Der Vorstoß der Ampel-Regierung beinhaltet auch eine Amnestie-Regelung von Verurteilungen für Fälle, die künftig erlaubt sind. Das zielt vor allem auf Besitz, Erwerb und Anbau von bis zu 30 Gramm Cannabis, wie das Bundesgesundheitsministerium erläutert.

Betroffene können bei der Staatsanwaltschaft beantragen, dass entsprechende Einträge im Bundeszentralregister getilgt werden. Das ist relevant für Führungszeugnisse. Das heißt auch: Wer ausschließlich für Cannabis-Besitz in kleineren Mengen einsitzt, muss so schnell es geht aus dem Gefängnis entlassen werden.

Im gesamten Bundesland Baden-Württemberg sind es laut Justizministerium mindestens 18.900 Verfahren, die jetzt händisch geprüft werden müssen, ob hier ein rückwirkender Straferlass infrage kommt. Dafür haben die Staatsanwaltschaften nur vier Werktage nach Inkrafttreten des Gesetzes Zeit. Wie groß ist der Aktenberg inzwischen?

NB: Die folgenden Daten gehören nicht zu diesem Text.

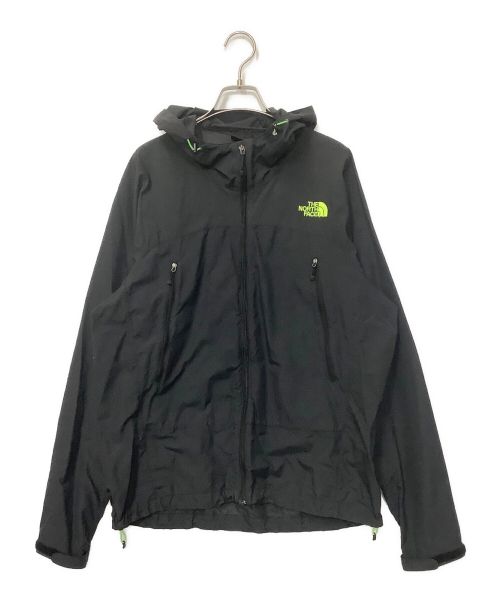 中古・古着通販】THE NORTH FACE (ザ ノース フェイス) ナイロン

600 Akten in Konstanz, 1000 in Ravensburg

Der SÜDKURIER hat dazu mehrere Staatsanwaltschaften in der Region angefragt: Bei der Staatsanwaltschaft Waldshut-Tiengen schaut man aktuell etwa 500 Strafakten durch, wie Rahel Diers verrät.

Während bei der Staatsanwaltschaft Konstanz nun bis zu 600 Akten händisch geprüft werden müssen, sind es bei der Behörde in Ravensburg um die 1000. Wie viel Arbeitszeit und Ressourcen das verschlingt, lässt sich laut dem Konstanzer Sprecher Andreas Mathy noch nicht seriös sagen, ebenso wenig wie viele Anträge auf Amnestie eingehen werden.

Ronny Stengel, Sprecher der Staatsanwaltschaft Hechingen, bestätigt einen „beträchtlichen Arbeitsanfall“. In Hechingen überprüft man mehr als 300 Vollstreckungsverfahren: in neun Fällen wird die Vollstreckung wohl komplett eingestellt, in 29 Fällen muss bei Gericht eine Neufestsetzung der Strafe beantragt werden.